Glaciers around the world are disappearing before our eyes, and the implications for people are wide-ranging and troubling, Twila Moon, a glacier expert at the University of Colorado Boulder, concludes in a Perspectives piece in the journal Science today.
The melting of glacial ice contributes to sea-level rise, which threatens to “displace millions of people within the lifetime of many of today’s children,” Moon writes. Glaciers also serve up fresh water to communities around the world, are integral to the planet’s weather and climate systems, and they are “unique landscapes for contemplation or exploration.”
And they’re shrinking, fast, writes Moon, who returned to the National Snow and Ice Data Center this month after two years away. Her analysis, “Saying goodbye to glaciers,” is published in the May 12 issue of Science.
Moon admits she was pretty giddy when an editor at Science reached out to her to write a perspective piece on the state of the world’s glaciers, because of her research knowledge and extensive publication record. “There was some serious jumping up and down,” Moon says. “I thought, ‘I’ve made it!’ Their invitation was an exciting recognition of my hard work and expertise.”
But the topic, itself, is far from a happy one. Moon describes the many ways researchers study glacier dynamics, from in-place measurements on the ice to satellite-based monitoring campaigns to models. And she describes sobering trends: The projection that Switzerland will lose more than half of its small glaciers in the next 25 years; the substantial retreat of glaciers from the Antarctic, Patagonia, the Himalayas, Greenland and the Arctic; the disappearance of iconic glaciers in Glacier National Park, Montana, or reduction to chunks of ice that no longer move (by definition, a glacier must be massive enough to move).
In her piece, Moon calls for continued diligence by the scientific community, where ice research is already becoming a priority.
Moon says she got hooked on glaciers as an undergraduate in geological and environmental sciences at Stanford University, when she spent a semester abroad in Nepal. “For the first time I saw a big valley glacier, flowing through the Himalaya,” she said, “and I thought it was about the coolest thing ever. After studying geology, the movement and sound of the ice, right now, made it feel almost alive.'”
That experience kicked off a research career that has taken Moon to Greenland, Alaska, Norway, and to conferences around the world. She began her work “merely” as a geologist and glaciologist, interested in ice itself, Moon said. Only later did the influence of climate change come to play in her work.
“I think I’m about as young as you can get for being a person who started in glaciology at a time when climate change was not a primary part of the conversation,” says Moon, who is 35.
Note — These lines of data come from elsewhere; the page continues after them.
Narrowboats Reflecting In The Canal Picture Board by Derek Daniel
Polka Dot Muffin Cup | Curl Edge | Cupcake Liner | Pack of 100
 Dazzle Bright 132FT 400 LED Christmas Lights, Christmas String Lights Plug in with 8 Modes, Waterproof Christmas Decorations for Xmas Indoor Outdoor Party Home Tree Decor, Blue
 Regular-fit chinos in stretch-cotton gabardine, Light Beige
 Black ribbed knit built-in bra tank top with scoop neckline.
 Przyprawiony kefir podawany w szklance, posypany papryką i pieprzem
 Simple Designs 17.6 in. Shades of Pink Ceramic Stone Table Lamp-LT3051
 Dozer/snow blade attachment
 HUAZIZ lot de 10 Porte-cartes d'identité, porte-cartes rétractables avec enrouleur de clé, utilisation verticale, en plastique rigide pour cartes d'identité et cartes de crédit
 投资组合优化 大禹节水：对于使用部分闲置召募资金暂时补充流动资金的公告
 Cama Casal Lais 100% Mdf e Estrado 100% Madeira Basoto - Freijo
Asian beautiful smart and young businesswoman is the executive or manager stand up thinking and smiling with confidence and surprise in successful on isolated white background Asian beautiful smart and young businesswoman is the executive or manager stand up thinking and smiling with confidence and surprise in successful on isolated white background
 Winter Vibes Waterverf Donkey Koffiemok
She is consistently sought out by journalists hoping to understand Earth’s ice, and she’s sought out in the scientific community as well, recognized as someone who likes to collaborate across disciplinary boundaries. She recently worked with a biologist in Washington, for example, on a paper about how narwhals use glacial fronts in summertime—the tusked marine mammals appear to be attracted to glaciers with thick ice fronts and freshwater melt that’s low in silt, though it’s not yet clear why.
After a couple of post-doctoral research years, at the National Snow and Ice Data Center and then the University of Oregon, Moon and her husband headed to Bristol, England, where she took a faculty position at the University of Bristol’s School of Geographical Sciences. When it became clear that her husband’s work wouldn’t transfer, the two determined to head back to the Rocky Mountains.
Moon started back as a researcher at CU Boulder’s National Snow and Ice Data Center, part of CIRES, May 1.
Reference:
“Saying goodbye to glaciers,” Science (2017). DOI: 10.1126/science.aam9625
Note: The above post is reprinted from materials provided by University of Colorado at Boulder.